Rusia cambia la guerra aérea con enjambres de drones a reacción
Por EDITOR Septiembre 1, 2026 27
Moscú multiplicó el uso de aparatos más rápidos y difíciles de interceptar; en cuatro días lanzó cerca de mil 500 drones contra Ucrania
Rusia está modificando su estrategia de ataques aéreos contra Ucrania con una nueva generación de drones propulsados por motores a reacción, utilizados en grandes oleadas y durante periodos prolongados. La nueva táctica busca saturar las defensas ucranianas y reducir el tiempo disponible para detectar e interceptar los aparatos.
La dimensión del cambio quedó expuesta en los últimos días. Entre el jueves y el domingo, Rusia lanzó alrededor de mil 500 drones contra Ucrania, de los cuales unos 800 eran modelos propulsados por motores a reacción, según cifras difundidas por el presidente Volodímir Zelenski. El lunes continuaron los ataques sobre Kyiv y localidades de la región.
La diferencia fundamental está en la velocidad. Los nuevos modelos de la familia Geran pueden superar los 500 kilómetros por hora, frente a velocidades cercanas a los 180 kilómetros por hora de los Shahed de hélice utilizados anteriormente. Esa diferencia reduce considerablemente el tiempo de reacción y dificulta que los drones interceptores ucranianos puedan alcanzarlos.

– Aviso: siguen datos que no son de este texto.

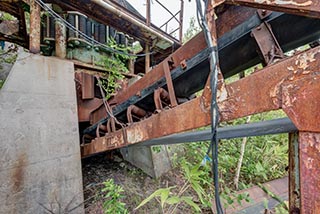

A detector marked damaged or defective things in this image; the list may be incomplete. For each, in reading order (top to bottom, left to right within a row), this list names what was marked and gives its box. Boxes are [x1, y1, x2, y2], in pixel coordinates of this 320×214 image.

Rusia ha desarrollado varias variantes, entre ellas los Geran-3, Geran-4 y Geran-5. La evolución apunta hacia aparatos más rápidos y capaces de recorrer grandes distancias, mientras Moscú incrementa la producción doméstica de estos sistemas. Analistas ucranianos han señalado que Rusia busca elevar de manera importante la proporción de drones a reacción dentro de sus ataques de largo alcance.
La nueva táctica también cambia la ecuación económica de la defensa aérea. Ucrania ha conseguido mantener elevados niveles de interceptación de los drones convencionales, pero destruir un aparato rápido con misiles de defensa aérea puede resultar mucho más costoso que fabricar el propio dron atacante. El resultado es una presión creciente sobre las reservas de interceptores ucranianos.
Por eso Kyiv está acelerando el desarrollo de nuevos drones interceptores. Empresas ucranianas ya trabajan en aparatos capaces de alcanzar velocidades superiores a las de los sistemas anteriores, mientras las fuerzas aéreas recurren también a aviones de combate para enfrentar los modelos a reacción.
La ofensiva reciente también muestra un cambio en los horarios y objetivos. Los ataques diurnos, que antes eran menos frecuentes, se han vuelto parte de las nuevas oleadas. Rusia ha golpeado almacenes, centros logísticos, infraestructura energética y zonas urbanas alrededor de Kyiv, generando interrupciones en la actividad cotidiana y presión sobre las cadenas de suministro.
El impacto ya rebasa la defensa militar. Los ataques contra almacenes y centros de distribución han afectado el abastecimiento comercial en algunas zonas de Kyiv, mientras las alertas aéreas prácticamente continuas alteran transporte, comercio y actividades escolares. El objetivo, según autoridades ucranianas, parece ser también desgastar psicológica y económicamente a la población.
La escalada llega además en un momento crítico para Ucrania. Las fuerzas de defensa aérea enfrentan una disponibilidad limitada de interceptores Patriot y necesitan reservar los sistemas más costosos para amenazas que no pueden ser neutralizadas con medios más baratos. La aparición masiva de drones a reacción obliga, por tanto, a modificar nuevamente la arquitectura defensiva.
La guerra aérea entra así en una nueva fase: más drones, mayor velocidad y ataques más prolongados. Rusia busca que la cantidad y la rapidez sean suficientes para abrir huecos en las defensas ucranianas, mientras Kyiv intenta desarrollar una respuesta que no dependa exclusivamente de misiles de alto costo.